### Required work
For this exercise, please return exactly the line containing "this 400×267 image." and each line after it through the end of the records, with no pictures included.

Records contained in a dataset:
--

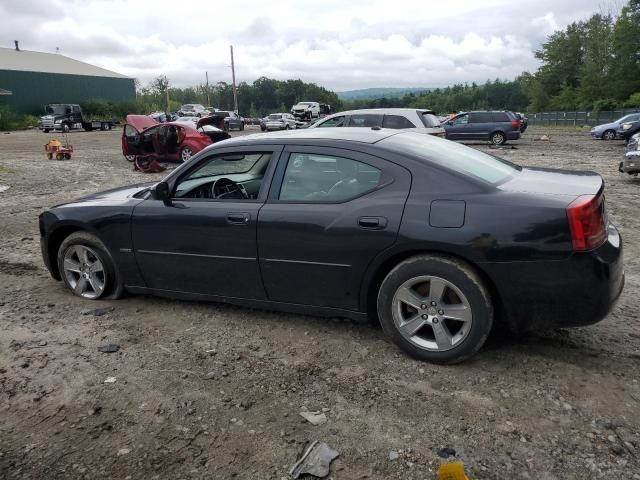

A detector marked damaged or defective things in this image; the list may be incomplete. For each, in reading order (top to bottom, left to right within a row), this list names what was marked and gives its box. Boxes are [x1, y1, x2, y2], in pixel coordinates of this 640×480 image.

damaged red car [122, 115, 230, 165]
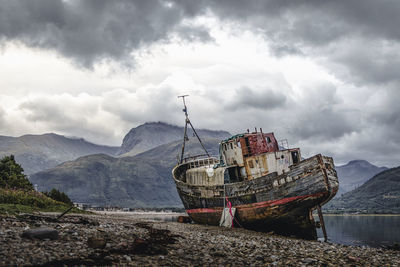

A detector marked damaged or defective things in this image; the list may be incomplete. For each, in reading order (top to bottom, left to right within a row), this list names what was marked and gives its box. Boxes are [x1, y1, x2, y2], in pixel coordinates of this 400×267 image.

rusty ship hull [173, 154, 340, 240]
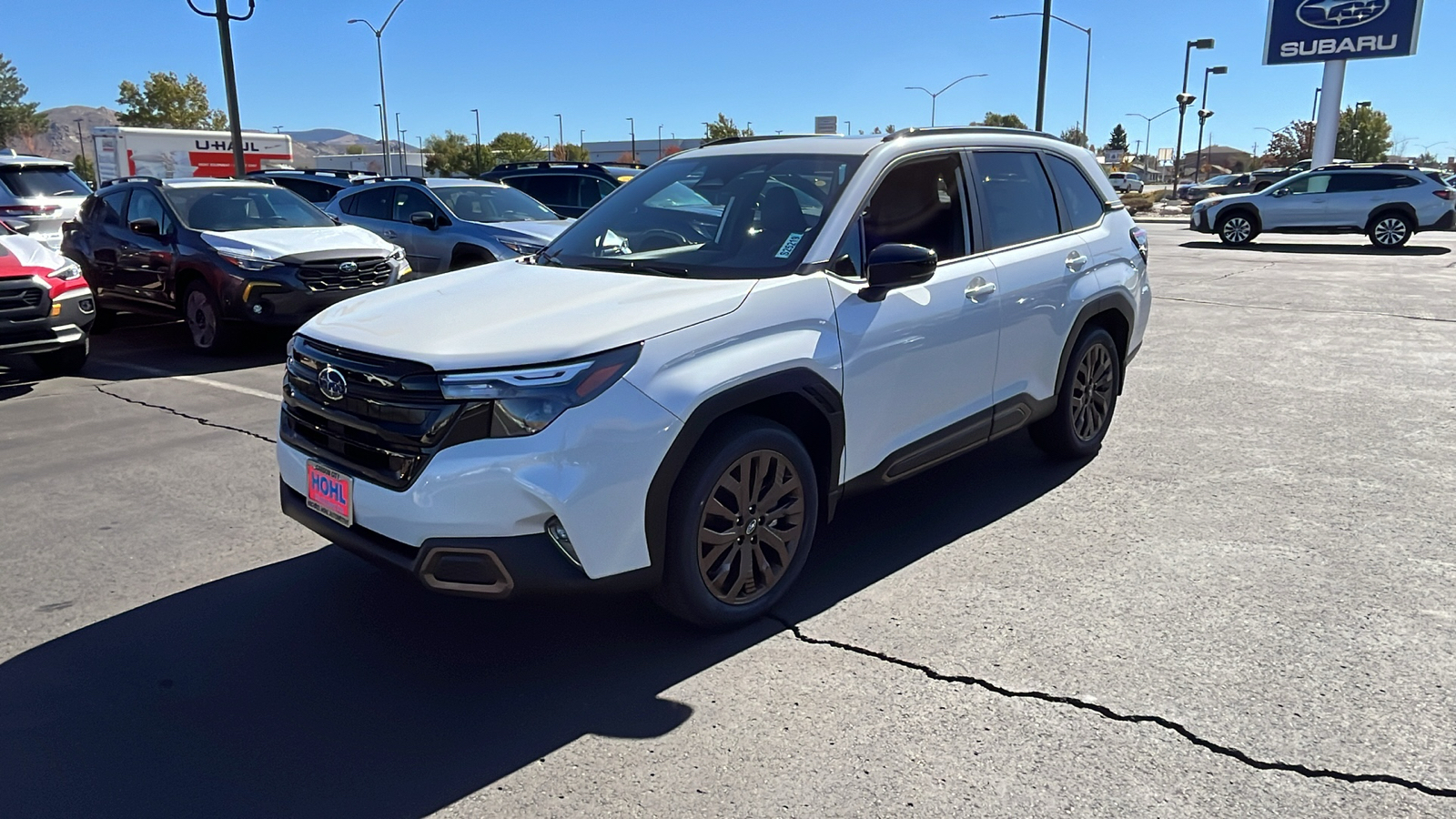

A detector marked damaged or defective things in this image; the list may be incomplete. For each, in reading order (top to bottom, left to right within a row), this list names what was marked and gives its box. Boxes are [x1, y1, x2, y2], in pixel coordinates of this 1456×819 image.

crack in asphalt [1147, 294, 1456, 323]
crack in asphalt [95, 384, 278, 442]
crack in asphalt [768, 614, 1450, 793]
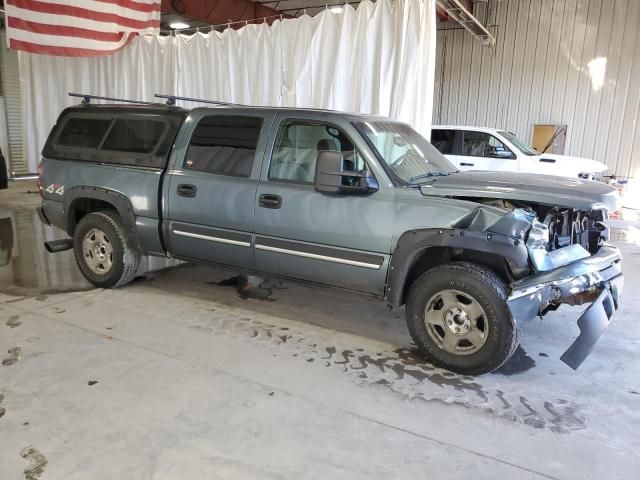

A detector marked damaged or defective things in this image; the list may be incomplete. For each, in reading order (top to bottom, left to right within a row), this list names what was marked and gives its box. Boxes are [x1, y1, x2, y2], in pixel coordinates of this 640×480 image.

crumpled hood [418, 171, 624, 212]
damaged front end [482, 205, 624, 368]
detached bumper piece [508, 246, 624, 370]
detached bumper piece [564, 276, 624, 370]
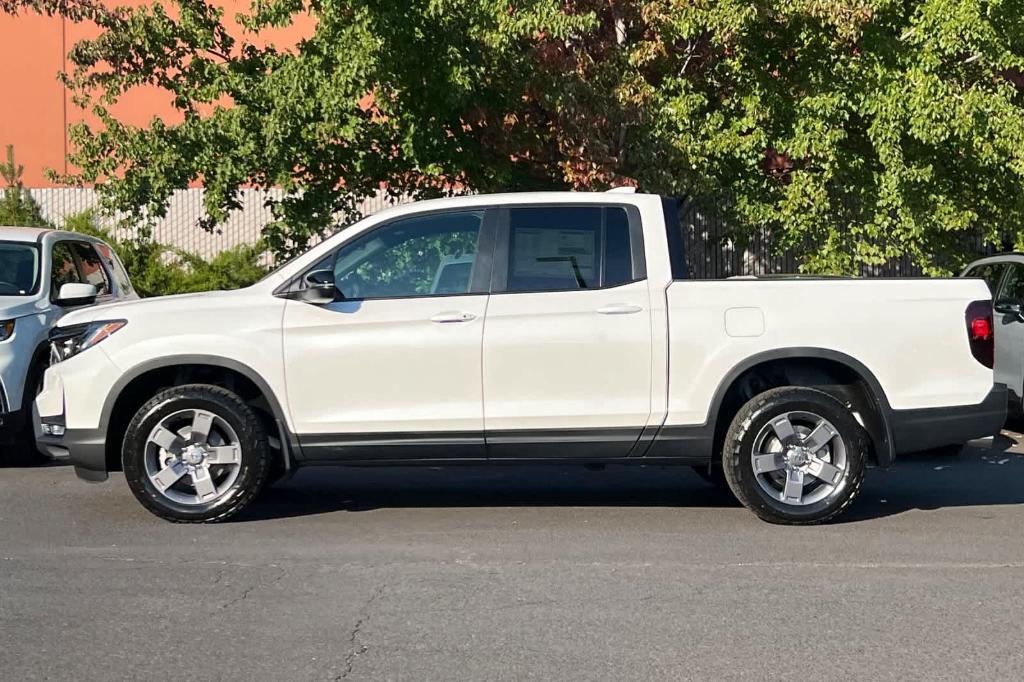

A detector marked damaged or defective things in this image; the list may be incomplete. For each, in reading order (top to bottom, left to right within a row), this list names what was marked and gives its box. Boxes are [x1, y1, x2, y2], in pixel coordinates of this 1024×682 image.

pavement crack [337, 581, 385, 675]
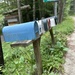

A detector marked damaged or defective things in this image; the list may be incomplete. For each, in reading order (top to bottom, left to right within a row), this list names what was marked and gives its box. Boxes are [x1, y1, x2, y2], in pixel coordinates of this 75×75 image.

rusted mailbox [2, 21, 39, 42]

--

### Result of this task
A detector marked damaged or defective things in this image; the list may be incomplete. For each, in reading order (top to bottom, left to right within a row), this list names what was marked and gives its box. Boxes are [x1, y1, x2, y2], in pixel coordinates of this 400×267 image.

rusty ship hull [173, 154, 340, 240]

A detector marked damaged or defective things in this image; the list may be incomplete. For each, in reading order (top to bottom, left to right within a row), this list names what was marked and gives its box. Boxes are [x1, y1, x2, y2], in pixel coordinates of this 1456×819 image.

crack in asphalt [1147, 294, 1456, 323]
crack in asphalt [95, 384, 278, 442]
crack in asphalt [768, 614, 1450, 793]

A detector marked damaged or defective things in this image; the list may be incomplete. For each, in reading order (top to bottom, left to right within a row), this list names what was marked and gives its box. Boxes are [x1, y1, x2, y2], in pixel coordinates of this 640×480 image.

crumpled hood [418, 171, 624, 212]
damaged front end [482, 205, 624, 368]
detached bumper piece [508, 246, 624, 370]
detached bumper piece [564, 276, 624, 370]

A detector marked damaged or defective things in this image; the list may be incomplete. For each, in reading order (top to bottom, left to right within a row), this list names what was marked and gives its box. Boxes are [x1, y1, x2, y2], in pixel coordinates of this 1024×682 image.

pavement crack [337, 581, 385, 675]

A detector marked damaged or defective things in this image; the list may be incomplete. For each, in reading order (top to bottom, left to right within a row), this list names what was marked and gives its box. Boxes are [x1, y1, x2, y2], in pixel coordinates of this 75×75 image.

rusted mailbox [2, 21, 39, 42]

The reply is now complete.